Retype all of the listing exactly, passing over any picture you find.

_AVAILABLE DATA:_
━━━
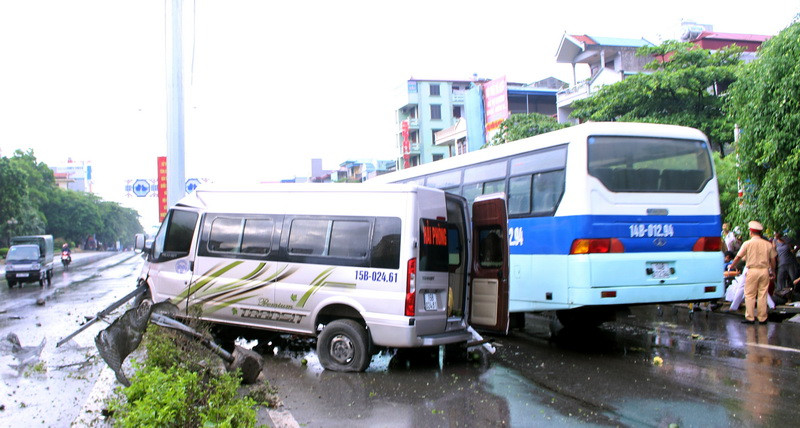 Toàn bộ nạn nhân được đưa đi cấp cứu tại Bệnh viện Đa khoa tỉnh Quảng Ninh. (Nguồn: Văn Đức/TTXVN)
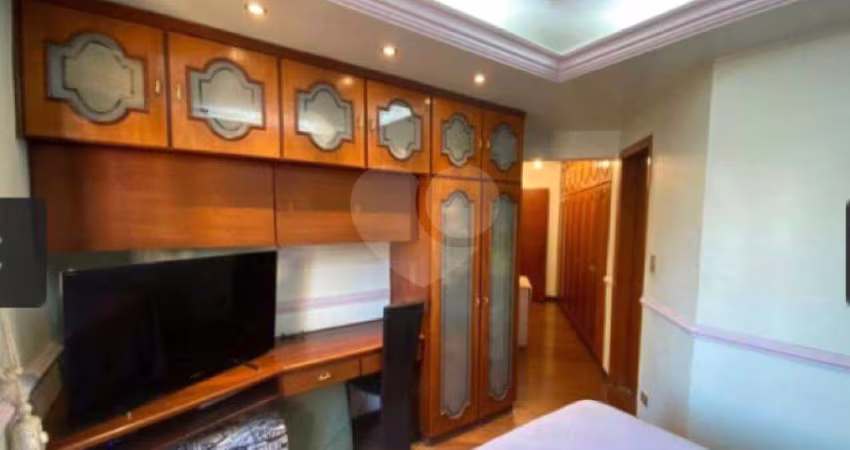Apartamento com 3 quartos à venda na Rua do Acre, 143, Vila Bertioga, São Paulo
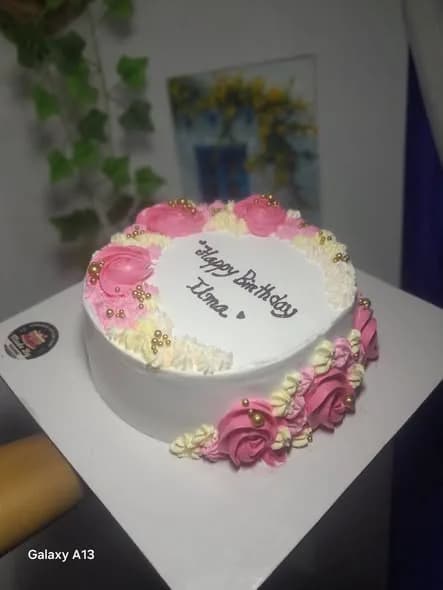 ভ্যানিলা স্পঞ্জ কেক – পিংক রোজেট ও গোল্ড বিডস হাফ রিং 4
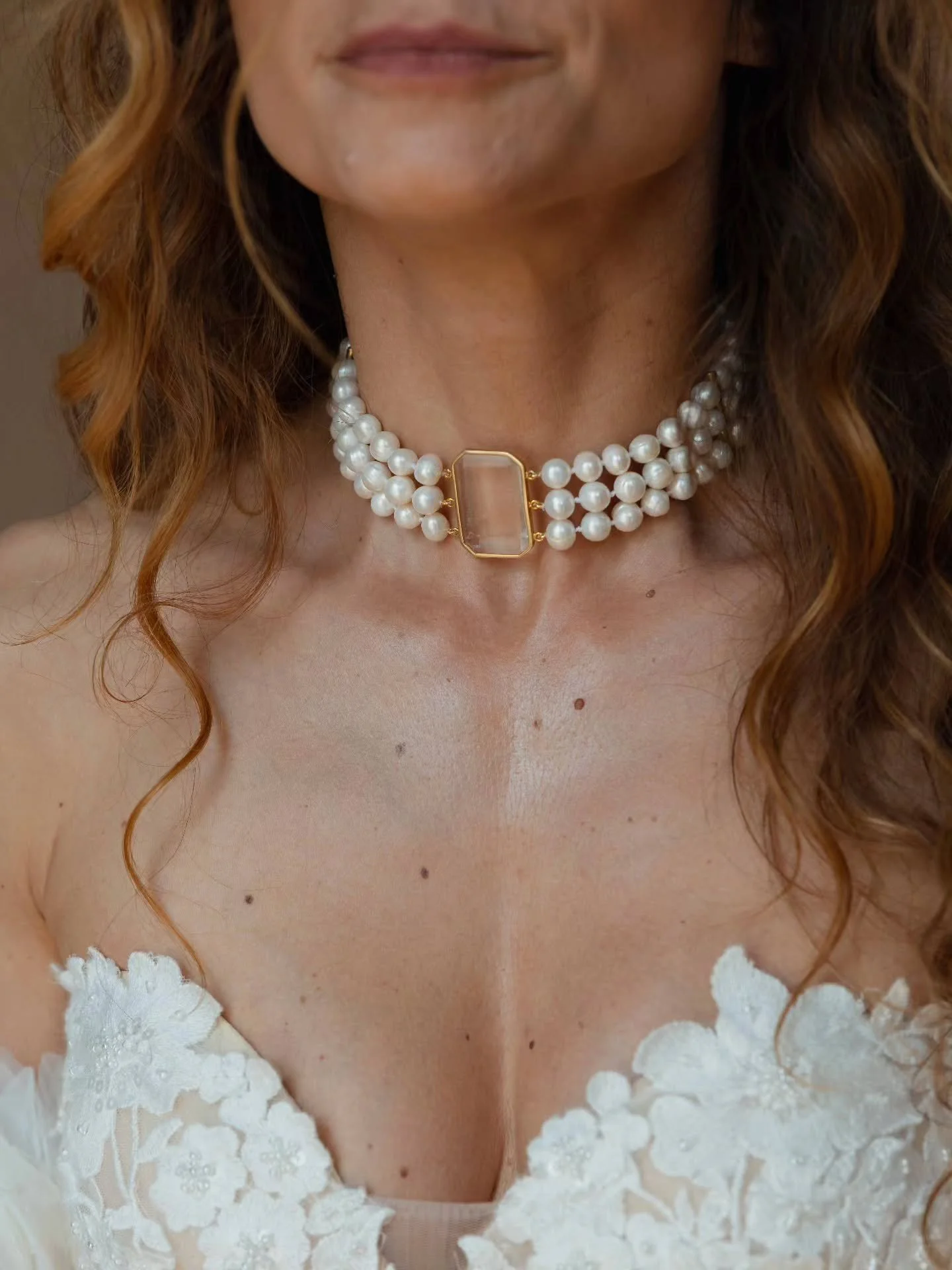 Radiance in every detail 🤍
.
.
.
.
Photo - @notyourtypicalphoto 
Makeup - @lidia.maciellm
Hair - @tanialmeida80_hair 
Venue - @lugar.eventos
Band - @hangoverband.oficial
━━━
_RESULT FOR THIS EXERCISE:_
 Toàn bộ nạn nhân được đưa đi cấp cứu tại Bệnh viện Đa khoa tỉnh Quảng Ninh. (Nguồn: Văn Đức/TTXVN)
Apartamento com 3 quartos à venda na Rua do Acre, 143, Vila Bertioga, São Paulo
 ভ্যানিলা স্পঞ্জ কেক – পিংক রোজেট ও গোল্ড বিডস হাফ রিং 4
 Radiance in every detail 🤍
.
.
.
.
Photo - @notyourtypicalphoto 
Makeup - @lidia.maciellm
Hair - @tanialmeida80_hair 
Venue - @lugar.eventos
Band - @hangoverband.oficial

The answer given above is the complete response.